Oorzaken en erfelijkheid
De oorzaak van het Prader-Willi-syndroom is een ontbrekend gen op een deel van chromosoom 15. Normaal gesproken geven de ouders elk een kopie door van dit chromosoom. Bij de meeste patiënten (70%) met het Prader-Willi-syndroom ontbreekt het genetische materiaal op een deel van het chromosoom van de vader. De rest van de patiënten met deze aandoening hebben vaak twee kopieën van het chromosoom 15 van de moeder. De genetische veranderingen treden willekeurig op. Patiënten hebben meestal geen familiale geschiedenis van de aandoening.
Symptomen
De symptomen van het Prader-Willi-syndroom zijn bij de geboorte zichtbaar. Pasgeborenen komen vaak klein en zwak (zwakke spierspanning:
hypotonie) ter wereld. Jongens hebben daarnaast niet-ingedaalde testikels (
cryptorchisme). Andere symptomen zijn erg variabel. Deze variëren van mild tot ernstig en zijn mentaal en fysiek gerelateerd.
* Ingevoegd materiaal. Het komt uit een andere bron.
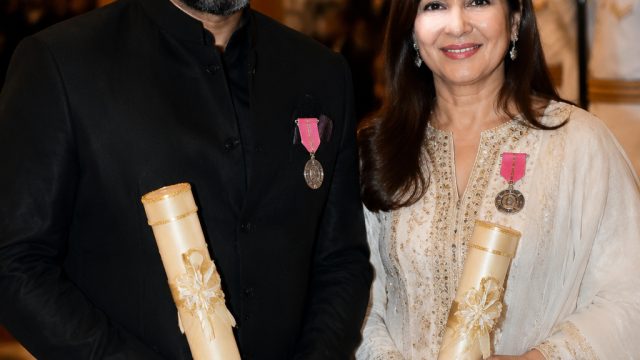 Celebrating Excellence: R Madhavan and Alka Yagnik's Padma Honors | lapangan basket berukuran, login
Deze symptomen komen niet allen tot uiting.
Mentale symptomen
Deze mentale symptomen zijn mogelijk bij het syndroom van Prader-Willi:
- een milde tot matige verstandelijke beperking
- gedragsproblemen waaronder woede-uitbarstingen, koppigheid en dwangmatig gedrag zoals het plukken aan de huid en psychosen (verlies van realiteit met wanen en hallucinaties) op latere leeftijd
- slaapstoornissen
Fysieke symptomen
Bij de fysieke symptomen zijn de ontwikkelingsstoornissen, de gelaatstrekken en
obesitas vooral typerend.
- dik, stroperig speeksel
- een abnormale kromming van de vinger of teen (clinodactylie)
- een kort gestalte (lichaamslengte van maximaal 150 cm)
- een lichte huid of lichte haren
- een snelle gewichtstoename: De patiënten hebben vanaf gemiddeld tweejarige leeftijd steeds erg veel honger en doen bijna alles om aan voedsel te geraken (polyfagie). Dit resulteert mogelijk tot een oncontroleerbare gewichtstoename en morbide obesitas. Morbide obesitas leidt tot diabetes mellitus type 2, een hoge bloeddruk (hypertensie), en gewrichts- en longproblemen.
- een vertraagde motorische ontwikkeling
- een vertraagde puberteit: De puberteit is vertraagd of afwezig, en daarom zijn de meeste patiënten niet in staat om kinderen te krijgen (onvruchtbaarheid).
- karakteristieke gelaatstrekken, zoals een smalle schedel, een smal voorhoofd, een smalle neusbrug, amandelvormige ogen, ver uit elkaar staande ogen (hypertelorisme), sikkelvormige huidplooi van het bovenste ooglid (epicanthus), een abnormaal kleine kaak (micrognathie), een kleine neus, kleine oren en een driehoekige mond
- onderontwikkelde genitaliën als gevolg van hypogonadisme (onvoldoende ontwikkeling van geslachtsklieren)
- oogproblemen zoals scheelzien (strabisme) en bijziendheid (myopie)
- slechte articulatie bij het spreken
- voedingsproblemen met als gevolg een slechte gewichtstoename
- zeer kleine handen en voeten ten opzichte van het lichaam van de patiënt
Diagnose en onderzoeken
Diagnostisch onderzoek
Dit syndroom valt op te sporen met een genetisch onderzoek.
Differentiële diagnose
Volgende aandoeningen vertonen een symptomenreeks die gelijkaardig is aan de symptomen van het Prader-Willi-syndroom:
Behandeling
Obesitas is de grootste bedreiging voor de gezondheid van de patiënt. Het beperken van calorieën is nodig om obesitas tijdig een halt toe te roepen. Hierbij werkt de ganse omgeving (school, familie, buren, …) samen. Verder werkt de patiënt ook aan een gezond gewicht door het beoefenen van een sport bijvoorbeeld. Voorts krijgt de patiënt groeihormonen. De arts schrijft bovendien vervangende hormonen toe. Voorts start de patiënt op een zo vroeg mogelijke leeftijd met logopedie, fysiotherapie en ergotherapie.
Prognose
Een gezond gewicht zorgt voor een comfortabel en gezond leven. Het syndroom zelf is niet gevaarlijk, maar de morbide obesitas leidt mogelijk wel tot ernstige complicaties.
Complicaties
Complicaties omvatten diabetes type 2, rechtszijdig hartfalen, een
beroerte (onvoldoende bloedtoevoer naar de
hersenen met mentale en lichamelijke symptomen),
slaapapneu (slaapstoornis met tijdelijk gestopte ademhaling) en orthopedische problemen.
In Nederland is een
expertisecentrum rond het PWS opgestart. De
patiëntenorganisatie is het aanspreekpunt voor patiënten en belangstellenden en heeft contacten met de overheid, politiek, zorgverleners enzovoort.